### To do
Every record listed below should be copied exactly.

(Items listed in a dataset)

::::::::::

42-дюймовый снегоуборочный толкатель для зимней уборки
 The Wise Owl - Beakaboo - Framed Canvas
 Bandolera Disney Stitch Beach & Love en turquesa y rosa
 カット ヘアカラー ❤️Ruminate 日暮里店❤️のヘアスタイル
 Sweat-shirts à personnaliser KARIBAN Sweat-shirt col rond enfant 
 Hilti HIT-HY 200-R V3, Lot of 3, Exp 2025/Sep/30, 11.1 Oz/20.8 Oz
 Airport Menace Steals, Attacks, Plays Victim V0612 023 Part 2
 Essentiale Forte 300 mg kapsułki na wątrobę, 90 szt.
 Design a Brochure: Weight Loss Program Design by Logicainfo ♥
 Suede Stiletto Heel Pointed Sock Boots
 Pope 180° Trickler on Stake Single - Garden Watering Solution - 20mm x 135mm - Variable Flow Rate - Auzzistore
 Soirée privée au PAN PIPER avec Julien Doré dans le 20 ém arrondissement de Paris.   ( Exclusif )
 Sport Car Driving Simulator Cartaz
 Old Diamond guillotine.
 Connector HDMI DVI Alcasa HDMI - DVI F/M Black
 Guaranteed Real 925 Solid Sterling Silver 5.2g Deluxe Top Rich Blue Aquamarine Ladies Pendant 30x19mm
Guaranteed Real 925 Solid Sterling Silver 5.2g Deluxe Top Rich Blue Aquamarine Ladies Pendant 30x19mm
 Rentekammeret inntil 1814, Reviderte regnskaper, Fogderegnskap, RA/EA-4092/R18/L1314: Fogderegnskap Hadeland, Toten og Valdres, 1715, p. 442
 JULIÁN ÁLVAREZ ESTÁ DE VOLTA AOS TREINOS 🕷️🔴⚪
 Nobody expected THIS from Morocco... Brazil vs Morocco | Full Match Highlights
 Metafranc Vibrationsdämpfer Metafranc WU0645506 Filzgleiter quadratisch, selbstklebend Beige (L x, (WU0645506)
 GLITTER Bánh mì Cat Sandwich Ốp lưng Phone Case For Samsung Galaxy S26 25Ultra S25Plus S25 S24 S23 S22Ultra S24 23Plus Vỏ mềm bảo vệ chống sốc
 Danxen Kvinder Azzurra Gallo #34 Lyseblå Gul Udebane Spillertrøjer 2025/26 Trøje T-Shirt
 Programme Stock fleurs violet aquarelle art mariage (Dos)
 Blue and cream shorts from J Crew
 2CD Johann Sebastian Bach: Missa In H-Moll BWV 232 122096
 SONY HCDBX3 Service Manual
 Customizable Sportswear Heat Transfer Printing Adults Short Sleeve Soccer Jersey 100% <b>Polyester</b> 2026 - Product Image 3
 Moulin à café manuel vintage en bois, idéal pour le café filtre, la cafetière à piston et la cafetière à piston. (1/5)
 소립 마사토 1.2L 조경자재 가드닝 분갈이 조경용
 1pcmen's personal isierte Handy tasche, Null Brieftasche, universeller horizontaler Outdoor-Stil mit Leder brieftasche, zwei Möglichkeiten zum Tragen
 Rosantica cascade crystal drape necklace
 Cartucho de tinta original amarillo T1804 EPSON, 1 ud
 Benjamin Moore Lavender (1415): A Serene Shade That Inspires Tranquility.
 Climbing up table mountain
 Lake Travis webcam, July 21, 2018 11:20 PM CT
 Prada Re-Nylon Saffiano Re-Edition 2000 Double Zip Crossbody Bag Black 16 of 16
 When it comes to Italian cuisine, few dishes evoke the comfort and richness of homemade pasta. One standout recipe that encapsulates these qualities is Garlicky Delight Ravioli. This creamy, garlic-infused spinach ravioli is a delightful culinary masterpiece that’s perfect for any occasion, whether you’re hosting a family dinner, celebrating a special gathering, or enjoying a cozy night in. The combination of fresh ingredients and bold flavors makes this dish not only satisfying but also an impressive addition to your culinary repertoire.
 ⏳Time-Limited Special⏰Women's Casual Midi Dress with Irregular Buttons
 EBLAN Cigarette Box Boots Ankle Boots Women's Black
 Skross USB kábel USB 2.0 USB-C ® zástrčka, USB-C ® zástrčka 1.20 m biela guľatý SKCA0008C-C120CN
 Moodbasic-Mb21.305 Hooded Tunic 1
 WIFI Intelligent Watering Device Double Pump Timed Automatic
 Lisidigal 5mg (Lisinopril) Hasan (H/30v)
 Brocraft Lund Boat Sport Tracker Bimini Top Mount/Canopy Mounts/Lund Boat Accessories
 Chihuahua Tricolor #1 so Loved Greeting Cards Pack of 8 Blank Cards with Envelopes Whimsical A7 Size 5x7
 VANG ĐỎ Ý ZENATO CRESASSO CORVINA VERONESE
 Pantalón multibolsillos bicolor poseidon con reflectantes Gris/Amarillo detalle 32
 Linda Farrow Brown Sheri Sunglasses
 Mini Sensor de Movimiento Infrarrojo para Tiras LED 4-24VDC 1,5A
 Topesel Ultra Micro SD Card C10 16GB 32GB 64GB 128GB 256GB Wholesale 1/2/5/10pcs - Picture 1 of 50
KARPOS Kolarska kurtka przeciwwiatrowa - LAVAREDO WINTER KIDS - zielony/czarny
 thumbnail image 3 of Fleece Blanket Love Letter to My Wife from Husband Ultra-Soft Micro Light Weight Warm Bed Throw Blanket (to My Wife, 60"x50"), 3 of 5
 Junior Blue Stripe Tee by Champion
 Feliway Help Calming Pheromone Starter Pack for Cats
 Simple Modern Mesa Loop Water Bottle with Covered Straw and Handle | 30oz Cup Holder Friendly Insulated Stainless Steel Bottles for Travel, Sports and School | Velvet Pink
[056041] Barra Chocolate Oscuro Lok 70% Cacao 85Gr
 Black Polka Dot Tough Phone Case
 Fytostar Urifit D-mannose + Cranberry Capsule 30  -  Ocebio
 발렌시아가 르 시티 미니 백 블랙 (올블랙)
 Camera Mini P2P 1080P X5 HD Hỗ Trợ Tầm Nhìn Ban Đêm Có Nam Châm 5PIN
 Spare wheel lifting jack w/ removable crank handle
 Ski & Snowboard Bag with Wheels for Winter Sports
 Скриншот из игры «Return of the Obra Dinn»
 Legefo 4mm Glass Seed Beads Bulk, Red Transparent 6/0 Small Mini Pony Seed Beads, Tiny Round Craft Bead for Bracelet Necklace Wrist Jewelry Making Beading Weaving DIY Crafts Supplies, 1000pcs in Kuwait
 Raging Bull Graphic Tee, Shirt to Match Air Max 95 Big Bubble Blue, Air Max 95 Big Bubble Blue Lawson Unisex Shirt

::::::::::

### Response to the exercise
42-дюймовый снегоуборочный толкатель для зимней уборки
 The Wise Owl - Beakaboo - Framed Canvas
 Bandolera Disney Stitch Beach & Love en turquesa y rosa
 カット ヘアカラー ❤️Ruminate 日暮里店❤️のヘアスタイル
 Sweat-shirts à personnaliser KARIBAN Sweat-shirt col rond enfant 
 Hilti HIT-HY 200-R V3, Lot of 3, Exp 2025/Sep/30, 11.1 Oz/20.8 Oz
 Airport Menace Steals, Attacks, Plays Victim V0612 023 Part 2
 Essentiale Forte 300 mg kapsułki na wątrobę, 90 szt.
 Design a Brochure: Weight Loss Program Design by Logicainfo ♥
 Suede Stiletto Heel Pointed Sock Boots
 Pope 180° Trickler on Stake Single - Garden Watering Solution - 20mm x 135mm - Variable Flow Rate - Auzzistore
 Soirée privée au PAN PIPER avec Julien Doré dans le 20 ém arrondissement de Paris.   ( Exclusif )
 Sport Car Driving Simulator Cartaz
 Old Diamond guillotine.
 Connector HDMI DVI Alcasa HDMI - DVI F/M Black
 Guaranteed Real 925 Solid Sterling Silver 5.2g Deluxe Top Rich Blue Aquamarine Ladies Pendant 30x19mm
Guaranteed Real 925 Solid Sterling Silver 5.2g Deluxe Top Rich Blue Aquamarine Ladies Pendant 30x19mm
 Rentekammeret inntil 1814, Reviderte regnskaper, Fogderegnskap, RA/EA-4092/R18/L1314: Fogderegnskap Hadeland, Toten og Valdres, 1715, p. 442
 JULIÁN ÁLVAREZ ESTÁ DE VOLTA AOS TREINOS 🕷️🔴⚪
 Nobody expected THIS from Morocco... Brazil vs Morocco | Full Match Highlights
 Metafranc Vibrationsdämpfer Metafranc WU0645506 Filzgleiter quadratisch, selbstklebend Beige (L x, (WU0645506)
 GLITTER Bánh mì Cat Sandwich Ốp lưng Phone Case For Samsung Galaxy S26 25Ultra S25Plus S25 S24 S23 S22Ultra S24 23Plus Vỏ mềm bảo vệ chống sốc
 Danxen Kvinder Azzurra Gallo #34 Lyseblå Gul Udebane Spillertrøjer 2025/26 Trøje T-Shirt
 Programme Stock fleurs violet aquarelle art mariage (Dos)
 Blue and cream shorts from J Crew
 2CD Johann Sebastian Bach: Missa In H-Moll BWV 232 122096
 SONY HCDBX3 Service Manual
 Customizable Sportswear Heat Transfer Printing Adults Short Sleeve Soccer Jersey 100% <b>Polyester</b> 2026 - Product Image 3
 Moulin à café manuel vintage en bois, idéal pour le café filtre, la cafetière à piston et la cafetière à piston. (1/5)
 소립 마사토 1.2L 조경자재 가드닝 분갈이 조경용
 1pcmen's personal isierte Handy tasche, Null Brieftasche, universeller horizontaler Outdoor-Stil mit Leder brieftasche, zwei Möglichkeiten zum Tragen
 Rosantica cascade crystal drape necklace
 Cartucho de tinta original amarillo T1804 EPSON, 1 ud
 Benjamin Moore Lavender (1415): A Serene Shade That Inspires Tranquility.
 Climbing up table mountain
 Lake Travis webcam, July 21, 2018 11:20 PM CT
 Prada Re-Nylon Saffiano Re-Edition 2000 Double Zip Crossbody Bag Black 16 of 16
 When it comes to Italian cuisine, few dishes evoke the comfort and richness of homemade pasta. One standout recipe that encapsulates these qualities is Garlicky Delight Ravioli. This creamy, garlic-infused spinach ravioli is a delightful culinary masterpiece that’s perfect for any occasion, whether you’re hosting a family dinner, celebrating a special gathering, or enjoying a cozy night in. The combination of fresh ingredients and bold flavors makes this dish not only satisfying but also an impressive addition to your culinary repertoire.
 ⏳Time-Limited Special⏰Women's Casual Midi Dress with Irregular Buttons
 EBLAN Cigarette Box Boots Ankle Boots Women's Black
 Skross USB kábel USB 2.0 USB-C ® zástrčka, USB-C ® zástrčka 1.20 m biela guľatý SKCA0008C-C120CN
 Moodbasic-Mb21.305 Hooded Tunic 1
 WIFI Intelligent Watering Device Double Pump Timed Automatic
 Lisidigal 5mg (Lisinopril) Hasan (H/30v)
 Brocraft Lund Boat Sport Tracker Bimini Top Mount/Canopy Mounts/Lund Boat Accessories
 Chihuahua Tricolor #1 so Loved Greeting Cards Pack of 8 Blank Cards with Envelopes Whimsical A7 Size 5x7
 VANG ĐỎ Ý ZENATO CRESASSO CORVINA VERONESE
 Pantalón multibolsillos bicolor poseidon con reflectantes Gris/Amarillo detalle 32
 Linda Farrow Brown Sheri Sunglasses
 Mini Sensor de Movimiento Infrarrojo para Tiras LED 4-24VDC 1,5A
 Topesel Ultra Micro SD Card C10 16GB 32GB 64GB 128GB 256GB Wholesale 1/2/5/10pcs - Picture 1 of 50
KARPOS Kolarska kurtka przeciwwiatrowa - LAVAREDO WINTER KIDS - zielony/czarny
 thumbnail image 3 of Fleece Blanket Love Letter to My Wife from Husband Ultra-Soft Micro Light Weight Warm Bed Throw Blanket (to My Wife, 60"x50"), 3 of 5
 Junior Blue Stripe Tee by Champion
 Feliway Help Calming Pheromone Starter Pack for Cats
 Simple Modern Mesa Loop Water Bottle with Covered Straw and Handle | 30oz Cup Holder Friendly Insulated Stainless Steel Bottles for Travel, Sports and School | Velvet Pink
[056041] Barra Chocolate Oscuro Lok 70% Cacao 85Gr
 Black Polka Dot Tough Phone Case
 Fytostar Urifit D-mannose + Cranberry Capsule 30  -  Ocebio
 발렌시아가 르 시티 미니 백 블랙 (올블랙)
 Camera Mini P2P 1080P X5 HD Hỗ Trợ Tầm Nhìn Ban Đêm Có Nam Châm 5PIN
 Spare wheel lifting jack w/ removable crank handle
 Ski & Snowboard Bag with Wheels for Winter Sports
 Скриншот из игры «Return of the Obra Dinn»
 Legefo 4mm Glass Seed Beads Bulk, Red Transparent 6/0 Small Mini Pony Seed Beads, Tiny Round Craft Bead for Bracelet Necklace Wrist Jewelry Making Beading Weaving DIY Crafts Supplies, 1000pcs in Kuwait
 Raging Bull Graphic Tee, Shirt to Match Air Max 95 Big Bubble Blue, Air Max 95 Big Bubble Blue Lawson Unisex Shirt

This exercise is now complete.